Invisible architecture

Kuehn Malvezzi + Transsolar

Invisible architecture

Contrary to what one would expect from an exhibition in an architecture gallery, the installation realized jointly by Kuehn Malvezzi and Transsolar was sensually perceptible, but not conspicuous. The experiment is based on an understanding of architecture that does not define architecture and thus also the city decisively through objects, but instead focuses on the perception of space and therefore advocates new forms of cooperation.

How a user perceives a space goes far beyond the visible. Consequently, visitors to "Invisible Architecture" could also have experienced the exhibition blindly. What they saw were two seemingly identical rooms - of the same size, white and empty. Only by speaking, calling or singing could the very considerable differences be experienced. While one room seemed homogeneous and muffled, the other revealed different acoustic properties such as reverberation, surprising sound transmissions or amplifications, depending on the position in the room.

The radically different properties of the rooms, which looked the same, were the result of precise measures that Transsolar had investigated in detailed modelling and simulations. In the exhibition as a 1:1 model, these were installed invisible to the visitors. Behind the visually perceptible clear room edges, for example, was a complex room geometry that generated the various effects of the reverberating room.
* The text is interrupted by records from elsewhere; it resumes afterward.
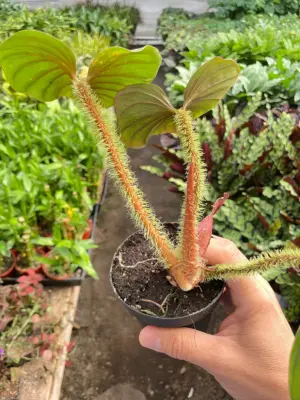 Philodendron 'Serpens' houseplant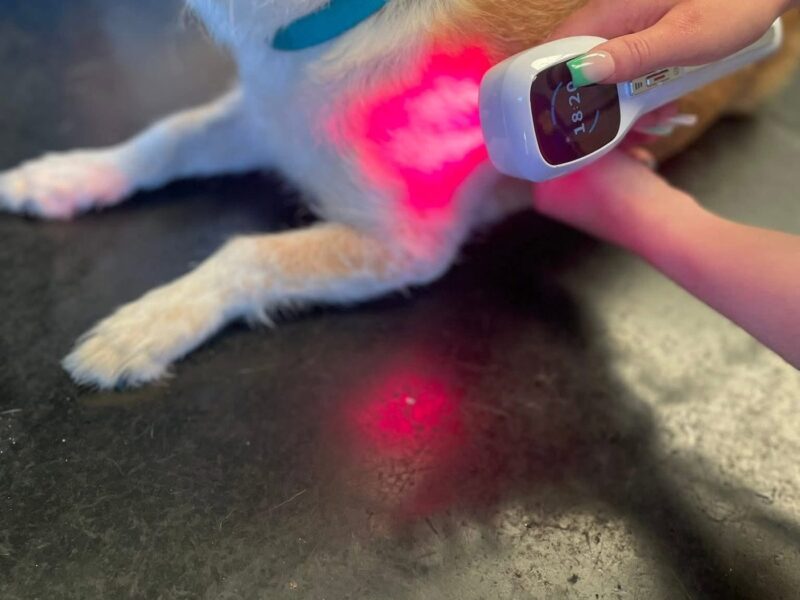 Dog receiving red light therapy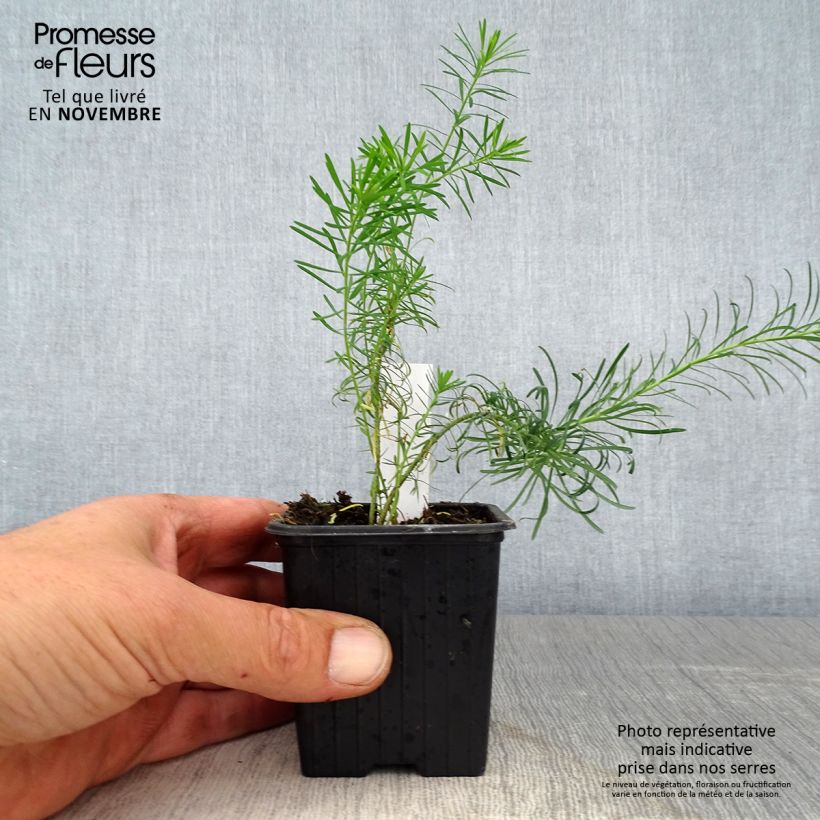 Ejemplar de Euphorbia waldsteinii Betten - Lechetrezna Maceta de 8/9 cm entregado en otoño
Acoustic comfort is an aspect that is often neglected in planning. Freed from visual distractions, however, the 1:1 model, together with the impressions of the users or exhibition visitors, showed very well how acoustic properties influence the overall perception of the room, what feels pleasant and what feels less so. The installation was therefore also exemplary in a much broader sense: "Invisible Architecture" has redistributed the roles of architect and engineer.

Architecture, understood as a primarily spatial practice, opens the way for real community work. The conventional distribution of roles, in which an overall picture created by architects merely integrates the solutions of engineers, is discarded in favor of an architectural and urban planning approach characterized by the co-authority of the planners involved.